___ Given material ___

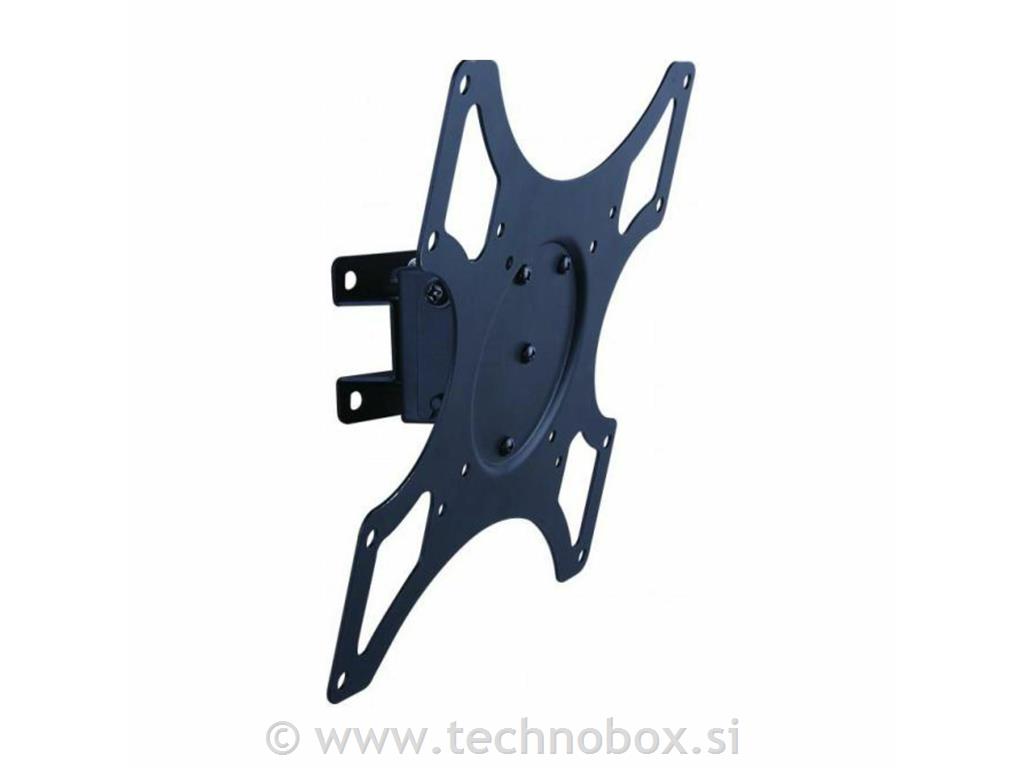 Nosilec za LCD monitor 2900B SBOX črn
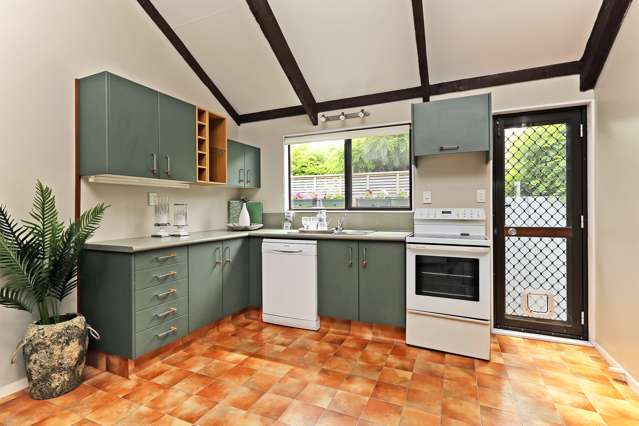 38c Wharerangi Road Tamatea_2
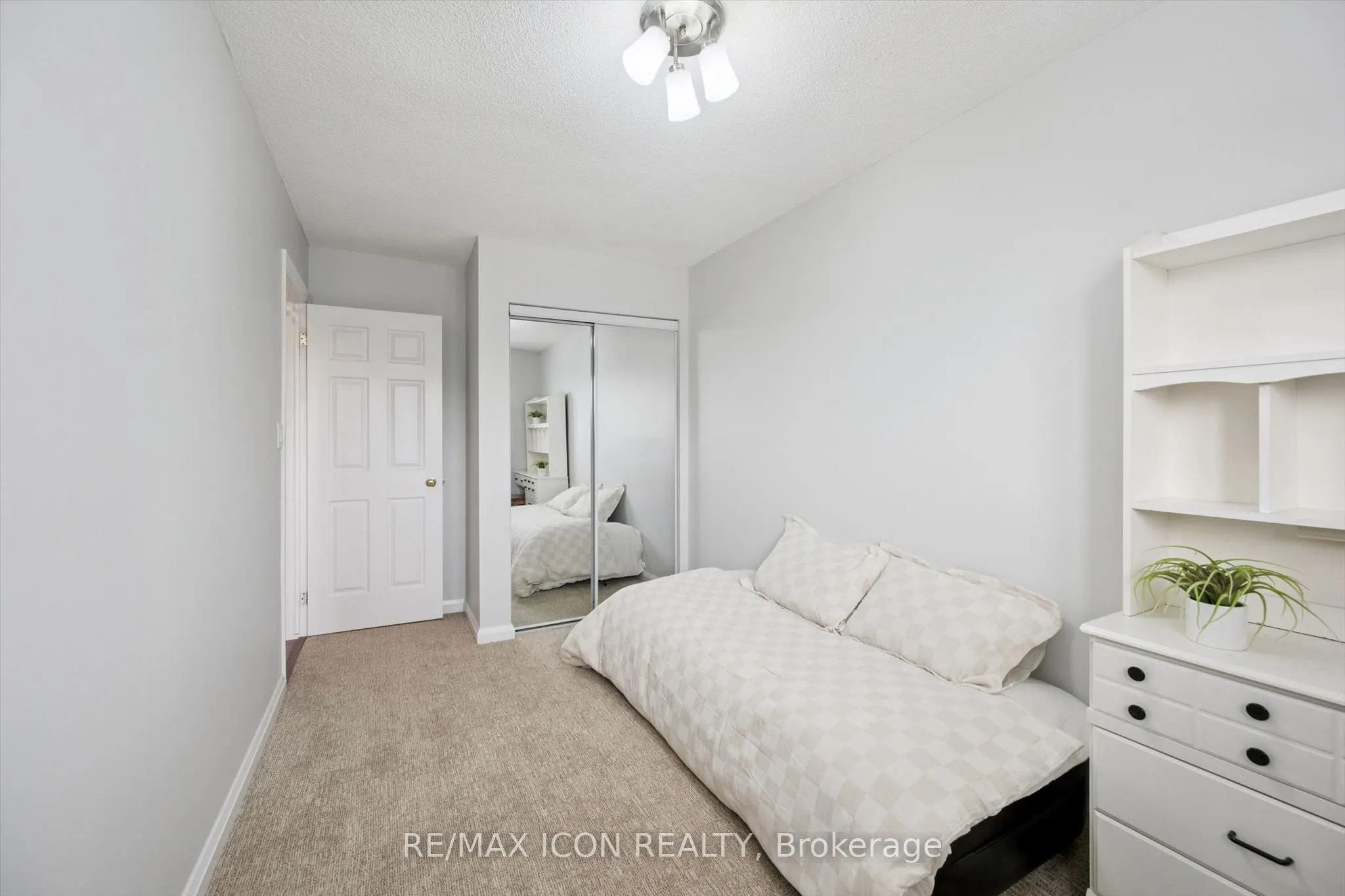 38 Harris Avenue #A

___

Repeat the material exactly. Any picture in it should be dropped.

## Problem solution
 Nosilec za LCD monitor 2900B SBOX črn
 38c Wharerangi Road Tamatea_2
 38 Harris Avenue #A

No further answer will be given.